Rebecca Hannigan: I Hate When a Twist Is Unearned
In this interview, author Rebecca Hannigan discusses the real-life small-town murder that helped inspire her new thriller, Darkrooms.
Rebecca Hannigan has an MA in Creative Writing Crime Fiction from University of East Anglia, graduating in 2023. She won the UEA/Little Brown Crime Prize for her dissertation. She has also been shortlisted for Virago/The Pool’s Best New Crime Writer. Born in England to Irish parents, she now resides in Essex with her husband, cat, and a variety of increasingly cat-battered houseplants. Follow her on Instagram.
In this interview, Rebecca discusses the real-life small-town murder that helped inspire her new thriller, Darkrooms, her advice for other writers, and more.
Name: Rebecca Hannigan
Literary agent: Cathryn Summerhayes / Grainne Fox
Book title: Darkrooms
Publisher: William Morrow
Release date: January 13, 2026
Genre/category: Thriller/Mystery
What prompted you to write this book?
A few things came together. In the 90s, there was a murder in my mother’s small Irish hometown, which had always been a very idyllic place of freedom and safety to me as a child spending my summers there. The crime was horrific and no one was ever sentenced for it, but the community had a strong idea of who the perpetrator was and he just continued living freely (albeit as something of an outcast) in that community. That miscarriage of justice and the loss of trust in the community was a huge shellshock for me growing up.
Then, more recently, I began to feel that that incident was a microcosm of the ways in which so many communities are vulnerable to exploitation by powerful figures. In my book, I wanted to deliver a sense of justice and catharsis that we don’t always see in real life.
How long did it take to go from idea to publication? And did the idea change during the process?
The idea was simmering in the back of my head for years, but I wrote most of this book over the two years of my MA course at the University of East Anglia from 2021 to 2023 and then the book sold in early 2024, so it’ll have been two years from acquisition of the manuscript to it hitting shelves in January 2026. The original idea was much crazier: My protagonist would have survived a housefire, lost an eye, and joined a cult.
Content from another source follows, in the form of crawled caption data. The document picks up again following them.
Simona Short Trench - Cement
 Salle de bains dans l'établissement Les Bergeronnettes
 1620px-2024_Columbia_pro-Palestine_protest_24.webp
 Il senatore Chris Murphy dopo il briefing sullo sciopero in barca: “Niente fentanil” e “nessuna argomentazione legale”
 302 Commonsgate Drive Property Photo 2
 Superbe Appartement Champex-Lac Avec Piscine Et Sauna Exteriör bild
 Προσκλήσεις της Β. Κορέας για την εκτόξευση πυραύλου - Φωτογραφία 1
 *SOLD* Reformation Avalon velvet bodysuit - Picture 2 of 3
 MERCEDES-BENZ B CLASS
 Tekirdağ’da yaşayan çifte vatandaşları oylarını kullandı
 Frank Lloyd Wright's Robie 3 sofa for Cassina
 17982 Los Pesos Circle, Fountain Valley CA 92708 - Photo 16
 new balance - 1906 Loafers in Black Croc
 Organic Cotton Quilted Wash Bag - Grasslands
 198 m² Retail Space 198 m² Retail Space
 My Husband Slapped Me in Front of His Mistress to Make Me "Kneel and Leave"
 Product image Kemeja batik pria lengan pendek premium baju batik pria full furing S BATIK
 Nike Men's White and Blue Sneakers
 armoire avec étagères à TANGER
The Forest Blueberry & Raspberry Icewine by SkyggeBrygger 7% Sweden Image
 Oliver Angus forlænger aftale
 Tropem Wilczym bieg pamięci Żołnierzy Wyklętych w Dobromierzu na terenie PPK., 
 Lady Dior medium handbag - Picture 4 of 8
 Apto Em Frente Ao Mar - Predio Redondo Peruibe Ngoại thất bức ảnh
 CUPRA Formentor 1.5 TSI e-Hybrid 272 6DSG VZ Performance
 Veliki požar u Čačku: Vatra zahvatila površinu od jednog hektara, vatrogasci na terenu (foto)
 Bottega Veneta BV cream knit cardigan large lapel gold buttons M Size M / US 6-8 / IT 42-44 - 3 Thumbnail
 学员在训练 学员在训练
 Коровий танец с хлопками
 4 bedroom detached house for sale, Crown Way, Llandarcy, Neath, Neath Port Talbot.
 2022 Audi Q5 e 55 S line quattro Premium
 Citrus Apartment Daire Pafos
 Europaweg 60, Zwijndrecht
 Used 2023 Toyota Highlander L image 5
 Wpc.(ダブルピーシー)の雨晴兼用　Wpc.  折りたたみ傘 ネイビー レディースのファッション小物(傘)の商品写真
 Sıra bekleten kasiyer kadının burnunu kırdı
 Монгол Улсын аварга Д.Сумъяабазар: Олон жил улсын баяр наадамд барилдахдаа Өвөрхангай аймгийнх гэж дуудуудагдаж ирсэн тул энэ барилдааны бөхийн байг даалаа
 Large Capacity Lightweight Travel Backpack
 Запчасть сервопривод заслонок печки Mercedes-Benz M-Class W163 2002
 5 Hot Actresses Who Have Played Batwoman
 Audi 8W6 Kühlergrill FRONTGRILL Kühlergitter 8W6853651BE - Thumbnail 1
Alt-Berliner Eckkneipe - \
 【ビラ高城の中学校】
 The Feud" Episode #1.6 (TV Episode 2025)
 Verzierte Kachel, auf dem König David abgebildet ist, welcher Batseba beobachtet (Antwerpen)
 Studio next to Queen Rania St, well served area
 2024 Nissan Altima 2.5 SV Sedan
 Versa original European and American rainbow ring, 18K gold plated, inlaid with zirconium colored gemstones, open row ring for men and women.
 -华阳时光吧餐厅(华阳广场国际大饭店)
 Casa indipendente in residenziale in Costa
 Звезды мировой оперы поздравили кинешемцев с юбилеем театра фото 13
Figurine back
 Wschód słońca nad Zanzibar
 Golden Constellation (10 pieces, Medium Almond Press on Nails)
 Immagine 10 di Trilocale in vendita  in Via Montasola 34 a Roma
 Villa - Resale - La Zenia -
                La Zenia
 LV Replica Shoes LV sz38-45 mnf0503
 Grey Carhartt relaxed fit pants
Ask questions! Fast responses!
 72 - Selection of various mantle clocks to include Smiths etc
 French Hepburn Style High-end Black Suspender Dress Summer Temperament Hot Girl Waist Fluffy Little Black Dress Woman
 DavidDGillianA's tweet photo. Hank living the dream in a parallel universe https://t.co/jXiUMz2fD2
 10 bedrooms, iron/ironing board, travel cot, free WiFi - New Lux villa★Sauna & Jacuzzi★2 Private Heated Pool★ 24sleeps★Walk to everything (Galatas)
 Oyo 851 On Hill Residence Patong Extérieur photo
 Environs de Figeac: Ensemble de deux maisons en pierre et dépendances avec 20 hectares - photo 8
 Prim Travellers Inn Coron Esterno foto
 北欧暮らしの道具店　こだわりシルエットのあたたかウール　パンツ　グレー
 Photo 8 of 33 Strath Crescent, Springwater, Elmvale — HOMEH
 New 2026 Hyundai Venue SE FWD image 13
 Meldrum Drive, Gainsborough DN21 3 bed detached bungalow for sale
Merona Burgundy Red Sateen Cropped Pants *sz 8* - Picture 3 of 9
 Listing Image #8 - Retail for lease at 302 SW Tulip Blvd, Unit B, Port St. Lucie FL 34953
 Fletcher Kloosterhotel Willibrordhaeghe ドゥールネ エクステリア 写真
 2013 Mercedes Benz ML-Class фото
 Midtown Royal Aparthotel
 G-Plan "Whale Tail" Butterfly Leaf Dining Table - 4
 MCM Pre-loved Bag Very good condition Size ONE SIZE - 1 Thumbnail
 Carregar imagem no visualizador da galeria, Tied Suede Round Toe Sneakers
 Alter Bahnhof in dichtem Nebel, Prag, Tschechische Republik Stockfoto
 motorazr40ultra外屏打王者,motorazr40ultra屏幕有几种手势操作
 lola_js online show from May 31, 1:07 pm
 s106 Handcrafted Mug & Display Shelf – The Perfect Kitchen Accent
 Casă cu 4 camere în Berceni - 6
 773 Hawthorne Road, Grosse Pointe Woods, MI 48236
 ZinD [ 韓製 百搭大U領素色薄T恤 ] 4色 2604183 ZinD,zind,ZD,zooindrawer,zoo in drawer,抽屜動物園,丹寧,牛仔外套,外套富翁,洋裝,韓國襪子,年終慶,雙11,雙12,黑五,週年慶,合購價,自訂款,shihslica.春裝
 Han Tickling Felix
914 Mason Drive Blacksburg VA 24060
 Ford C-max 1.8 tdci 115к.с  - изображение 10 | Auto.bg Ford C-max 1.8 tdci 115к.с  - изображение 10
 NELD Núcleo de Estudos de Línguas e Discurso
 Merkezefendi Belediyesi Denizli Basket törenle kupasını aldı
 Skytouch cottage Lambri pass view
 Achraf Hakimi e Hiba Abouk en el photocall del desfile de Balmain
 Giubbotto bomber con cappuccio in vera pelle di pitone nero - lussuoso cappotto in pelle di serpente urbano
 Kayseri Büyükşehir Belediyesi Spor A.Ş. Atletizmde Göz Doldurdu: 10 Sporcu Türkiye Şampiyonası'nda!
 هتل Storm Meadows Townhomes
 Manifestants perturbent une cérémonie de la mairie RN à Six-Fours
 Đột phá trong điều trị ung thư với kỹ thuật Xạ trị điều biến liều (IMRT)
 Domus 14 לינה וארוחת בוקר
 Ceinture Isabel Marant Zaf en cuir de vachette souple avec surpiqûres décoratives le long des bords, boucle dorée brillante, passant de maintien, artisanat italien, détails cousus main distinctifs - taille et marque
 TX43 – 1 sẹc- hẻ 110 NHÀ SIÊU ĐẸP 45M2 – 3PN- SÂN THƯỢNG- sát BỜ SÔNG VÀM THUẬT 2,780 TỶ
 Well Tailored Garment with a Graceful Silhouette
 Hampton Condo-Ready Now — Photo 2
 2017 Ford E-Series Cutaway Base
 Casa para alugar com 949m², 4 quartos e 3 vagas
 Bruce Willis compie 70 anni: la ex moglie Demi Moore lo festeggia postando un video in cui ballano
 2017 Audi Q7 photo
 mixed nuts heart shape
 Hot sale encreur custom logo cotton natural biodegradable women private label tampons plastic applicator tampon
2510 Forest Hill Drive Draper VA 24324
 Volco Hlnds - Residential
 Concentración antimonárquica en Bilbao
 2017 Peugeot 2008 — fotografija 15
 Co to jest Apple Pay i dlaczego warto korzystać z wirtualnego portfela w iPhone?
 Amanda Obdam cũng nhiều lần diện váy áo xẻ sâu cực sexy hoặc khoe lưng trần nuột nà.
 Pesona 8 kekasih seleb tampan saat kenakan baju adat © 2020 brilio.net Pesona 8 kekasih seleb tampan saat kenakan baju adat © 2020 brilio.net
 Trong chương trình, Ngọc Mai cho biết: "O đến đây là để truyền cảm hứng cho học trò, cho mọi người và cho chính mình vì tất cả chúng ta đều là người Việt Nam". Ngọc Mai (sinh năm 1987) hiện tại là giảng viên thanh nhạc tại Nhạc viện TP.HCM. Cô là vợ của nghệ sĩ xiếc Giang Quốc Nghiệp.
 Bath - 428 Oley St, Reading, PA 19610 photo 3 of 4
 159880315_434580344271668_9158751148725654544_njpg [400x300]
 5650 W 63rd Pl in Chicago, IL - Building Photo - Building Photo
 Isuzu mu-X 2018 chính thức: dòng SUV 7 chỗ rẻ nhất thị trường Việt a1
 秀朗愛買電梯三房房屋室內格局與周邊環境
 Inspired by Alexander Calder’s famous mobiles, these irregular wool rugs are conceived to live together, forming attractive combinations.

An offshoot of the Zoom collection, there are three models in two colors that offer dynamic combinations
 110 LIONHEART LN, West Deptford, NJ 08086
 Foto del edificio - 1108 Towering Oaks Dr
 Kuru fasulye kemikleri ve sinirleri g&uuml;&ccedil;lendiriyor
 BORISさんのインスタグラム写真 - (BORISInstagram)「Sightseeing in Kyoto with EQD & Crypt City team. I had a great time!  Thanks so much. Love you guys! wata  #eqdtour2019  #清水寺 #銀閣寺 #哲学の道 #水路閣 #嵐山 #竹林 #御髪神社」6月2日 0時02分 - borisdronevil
Absolutely none of that made it into the actual draft! What stayed the same was the location and the character of Caitlin, a difficult woman who resists definition within the binary of victim or survivor. That’s really the heart of the finished novel; an interest in living on after experiencing crime and the question: Why do those who have suffered have to be defined by their worst experiences while the perpetrators shrug it off?
Were there any surprises or learning moments in the publishing process for this title?
The whole process is surprising! I really loved working with my editors more than I thought that I would. Having other people just as invested in the plot and characters as I am has been such a delight—and made things so much easier! It was really a joy to be able to talk through my plot problems and get second opinions on them. I also generally enjoy having colleagues and working with others, which is not something you get a lot of when you’re sitting alone with your manuscript.
Were there any surprises in the writing process for this book?
I write in the crime genre, and I take that very seriously; I’m very concerned with meeting reader expectations and “playing fair” because I hate when a twist is unearned or a narrator lies to me! About halfway through the draft, I realized that I wasn’t going to be able to scaffold all the aspects of the mystery properly because I had written in close third person from the perspective of someone who really didn’t know what was going on all of the time. I also wanted my protagonist to be responsible for the death of a character but for that to be hidden from the audience, and it just didn’t work within my own rules for playing fair. I created a second POV character who was also investigating the case in order to give the reader more of the procedural stuff and background; who was where when, and all of that.
What do you hope readers will get out of your book?
I wanted to create characters who were unsympathetic but to whom the reader would eventually feel closer to by understanding them. So often we see characters who have been the victims of crime as black and white, good and undeserving of their treatment or bad and therefore receiving some kind of comeuppance. I wanted to create characters who were arguably “bad” (i.e. petty or mean, sinners in the way lots of us can be on our worst day) and show that they still didn’t deserve their treatment. I really hope that readers feel like my characters have been vividly and realistically drawn enough that they could be continuing to live on outside of the pages of the book.
If you could share one piece of advice with other writers, what would it be?
I think you have to really care about your work on a level beyond considering commerciality or how palatable it will be for readers. You have to bleed just a tiny bit by tapping into something that you’re furious or sad or hopeful about and putting that in your draft as early as you can. You’ll redraft and refine, but if you’ve screamed in an early manuscript, it will echo into the finished book. The reader will feel it, and that emotional truth creates a compelling connection between you and them, which is the ideal, in my opinion.